Beautiful Monsters: Building Space for Queer Gaming in Monster Factory

Watch Session:

Abstract:

Video game character customization has been widely touted as a step towards diversity and stronger self-expression in games, allowing more people to see themselves in the characters they embody through play. However, the confines of many current creation tools have also been criticized as limiting options based on normative values (including whiteness and maleness as defaults). However, the limits they inscribe through coding have their own fault lines, which allow nonnormative and even grotesque figurations to emerge, opposed to the intended limited customizability. Unable to find oneself within the options and constraints presented by producers, how can underprivileged groups create or encode themselves in these customizations? And what strategies of play are used to queer these gaming experiences?

Monster Factory is a YouTube series that is focused on building “monsters” by exploiting the edges of character creation tools. Hosted by Justin and Griffin McElroy, Monster Factory begins each episode by building a lovable monster, and then playing through a short section of the game with the monster as protagonist. These monsters take advantage of the “unnatural” extremes available in creators, and the play style of the hosts also functions as nonnarrative exploitation or play (usually using command line “cheats” or mods).

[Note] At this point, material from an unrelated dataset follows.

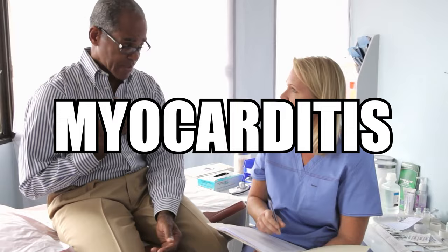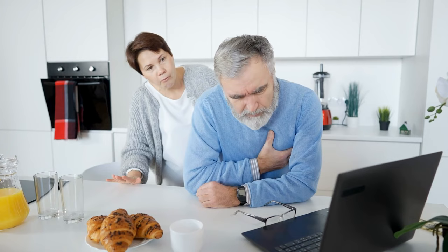Number two: myocarditis. Myo meaning heart muscle, itis meaning inflammation. Inflammation of the heart muscle can cause chest pain. The most common reasons include viruses, bacteria, toxins, and believe it or not, snake bites. Vaccines can also cause myocarditis. The treatment depends on the source. Symptoms include shortness of breath and fatiguing easily. It's very important to follow up with your primary care doctor or go to the ER if you believe you have myocarditis.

Humor is derived from the unexpected juxtaposition of two different worlds, the natural world of the game and the natural world of the monster, as well as the oppositional play which confronts the audience with the possibilities and limits of their constructions.

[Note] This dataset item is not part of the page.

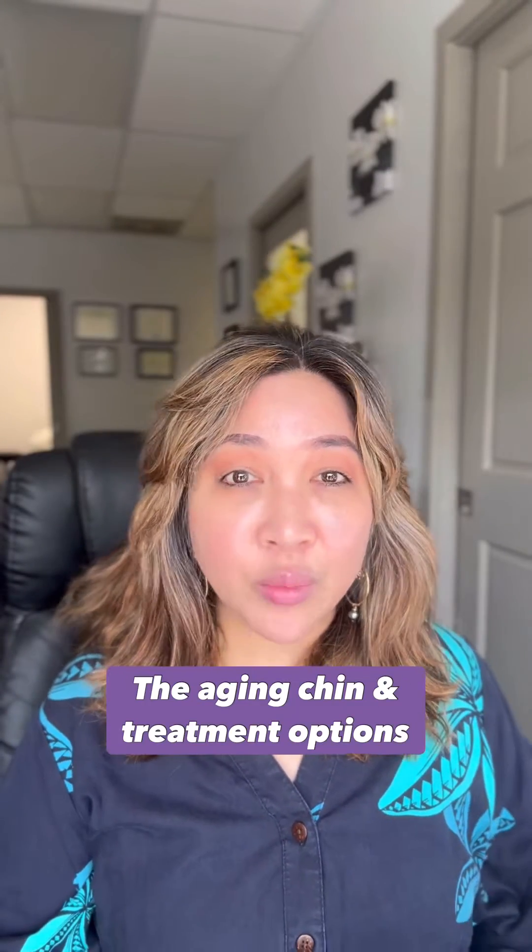Let's talk about the chin, which is one of my favorite areas to treat — I would say the cherry on top when it comes to full face balancing. A lot of patients are unaware that the chin frames the face. Let's quickly talk about anatomy and what happens with the aging chin.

In this presentation, I intend to explain how Monster Factory functions as both a comedic social critique of the inability to circumscribe personhood within gaming, negotiating with the gestures towards diversity organized by gaming companies, as well as a complication of the game form. While it rarely directly addresses the issue of diversity, the show’s focus on “loving” their monsters sublimates the intended usage of the game in favor of a new order, one that privileges the grotesque and the absurd to challenge the normative order of gaming.

Bio:

Rebecca Stimson is currently seeking her MA in Cinema and Media Studies at USC School of Cinematic Arts. Her areas of interest include medium specificity and interactivity, discourses on authorship, and television history.